The first Con-Dem budget announced cuts to spending on housing and proposals to undermine the security of social housing tenants that will effectively end social housing in Britain if they aren’t stopped.

Shelter expects 35,000 people to be turfed out of their homes between November and Christmas. Homelessness is rising and overcrowding is rocketing as people are stuck in expensive and insecure privately rented housing.

Homelessness protest, photo by Paul Mattsson

Homelessness protest, photo by Paul Mattsson   (Click to enlarge: opens in new window)

Tory minister, Iain Duncan Smith claimed that cutting housing benefits would lower rents but they have continued to rise; even Church of England bishops have voiced alarm. IDS originally claimed no one would be made homeless but leaked government memos show they think 40,000 could be homeless simply as a result of the first round of benefit changes.
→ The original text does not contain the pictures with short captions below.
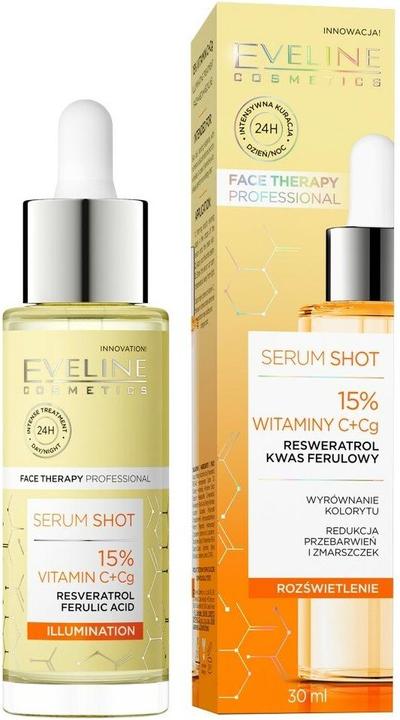 Produktbild Eveline Serum Shot 15% Vitamin C + Cg Illuminating Face Treatment 30Ml (30 ml)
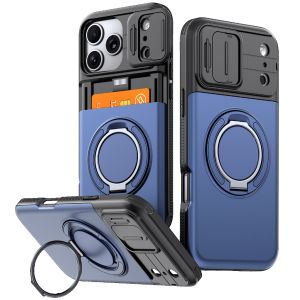Multifunctional Wallet Phone Case W/ For MagSafe Magnetic Kickstand Slide Cover For iPhone 17 Pro Max 16 E 15 14 Plus 13 12 11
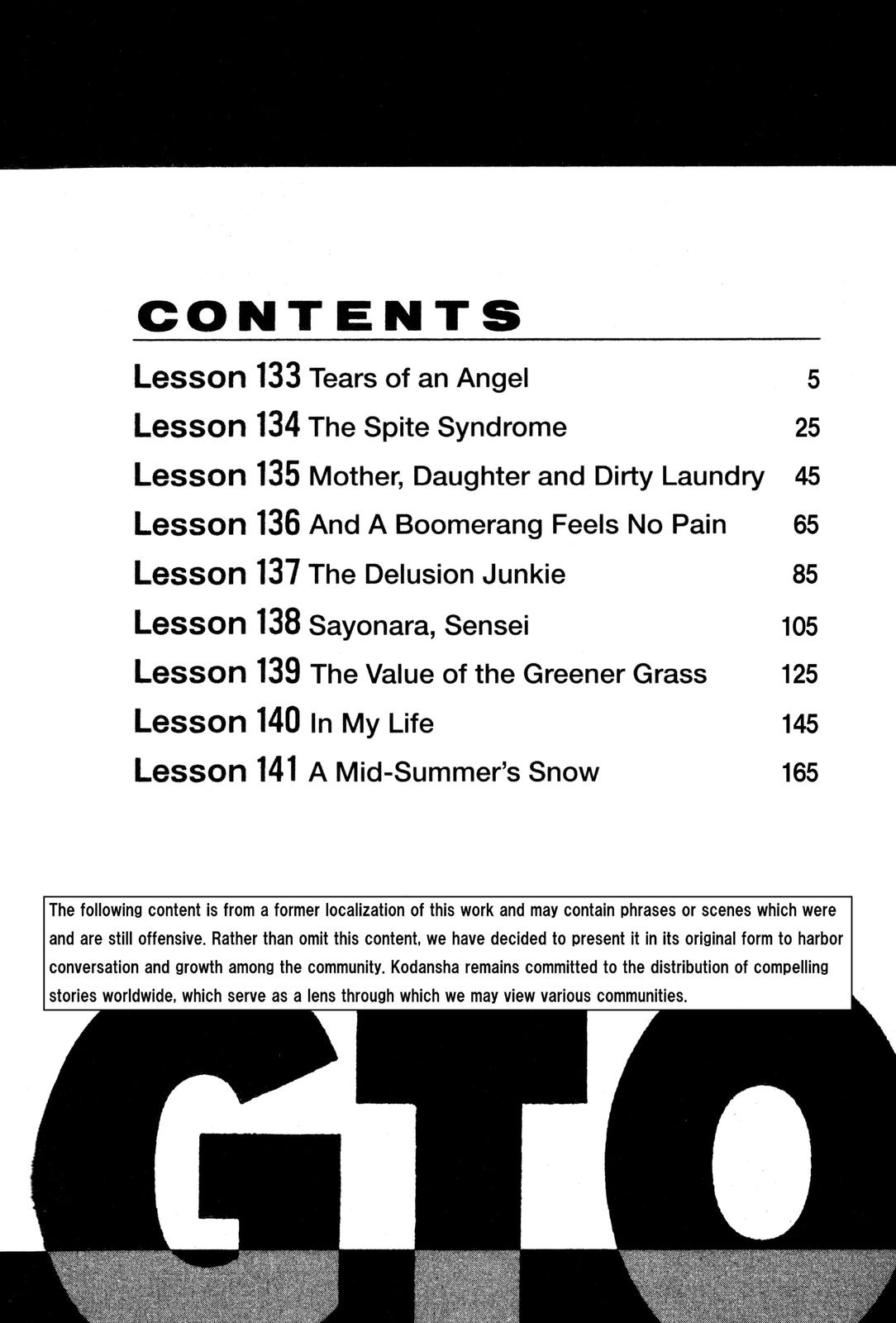 Read GTO - Great Teacher Onizuka Manga Online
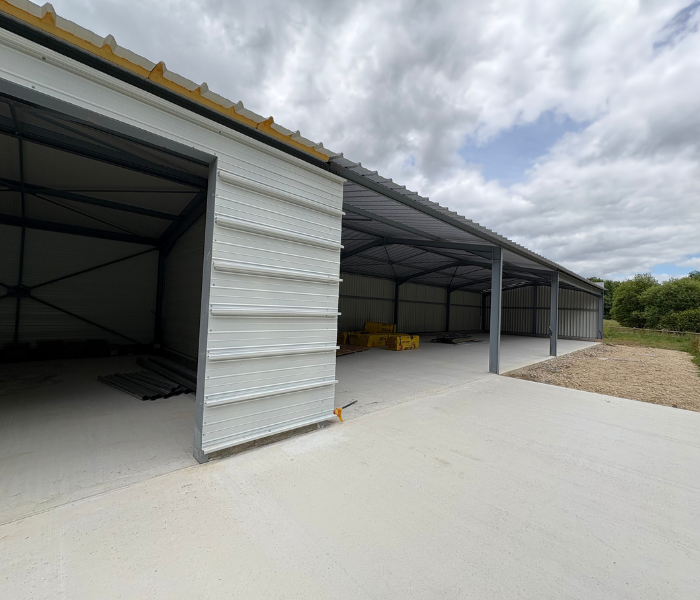 Construction d'un hangar de 240 m² en Sologne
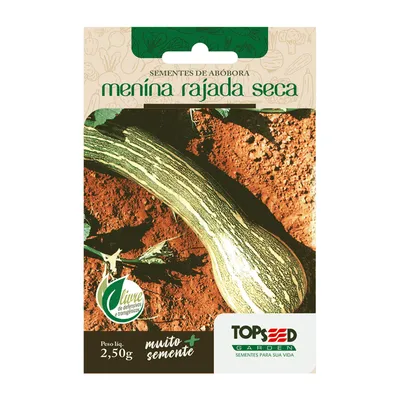 Sementes de Abóbora Menina Rajada Tradicional Topseed Garden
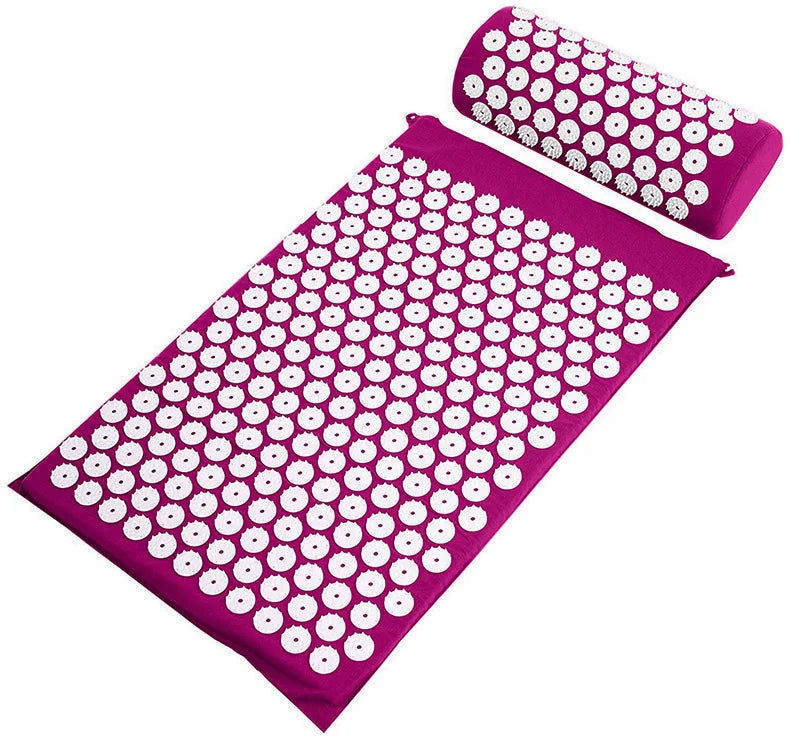 Acupressure Mat & Pillow Set — Back, Neck & Foot Massage Mat for Tension & Recovery
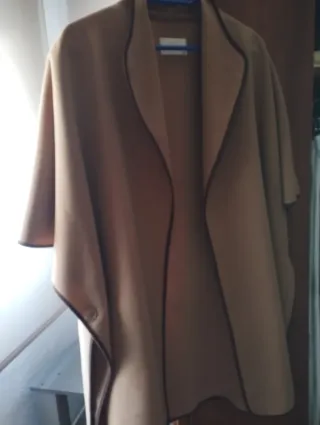 Capa marrón mujer talla única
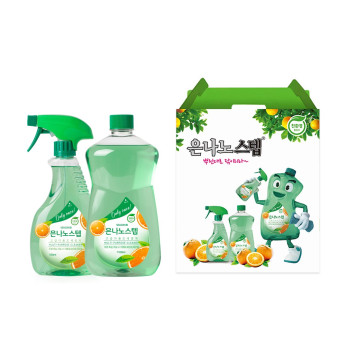 [은나노스텝] 시즌3 다용도 세정제 2종(550ml+1100ml)
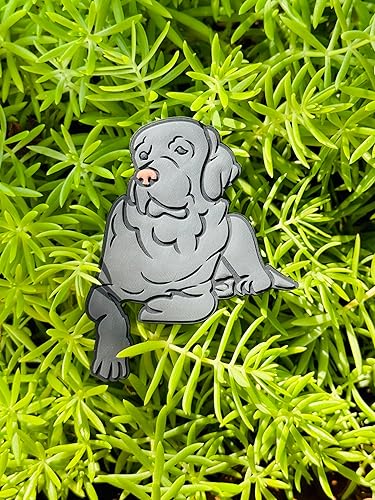 Miniatura 4 de Dog Charms for Bogg Bags, Simply Southern Totes, and Similar Styles. Black lab, Golden, Frenchie, Bulldog, Love Paw Print Accessory charms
The new package includes support for speculative builders and government-backed guarantees for people taking out mortgages.

But this proposal can only help small numbers and does not measure up to the task of boosting the supply of truly affordable homes.

The government also wants to boost subsidised ‘right to buy’ saying it will replace homes sold off with new affordable homes. But read the small print: they don’t mean council houses, they mean homes rented at up to 80% of market rent.

On 30 November public sector workers will be taking action to defend their pensions; the Con-Dems want them to pay for the capitalist crisis. Housing is another aspect of the same crisis but people facing eviction or stuck in substandard housing can feel isolated. Unions can give voice to the housing agony faced by working class people and increasingly wide sections of the population by taking up a fighting programme.

Eye-watering amounts have been spent bailing out the banks. These banks should no longer be run for executive pay and bonuses but should be nationalised and run for social need, giving low interest loans for house building for example.

There is a burning need to build new cheap, secure council housing and bring existing housing up to scratch. This would create thousands of much-needed jobs. The benefit cuts should be reversed, rents should be capped, and proper secure tenancies should be re-introduced to the private rented sector.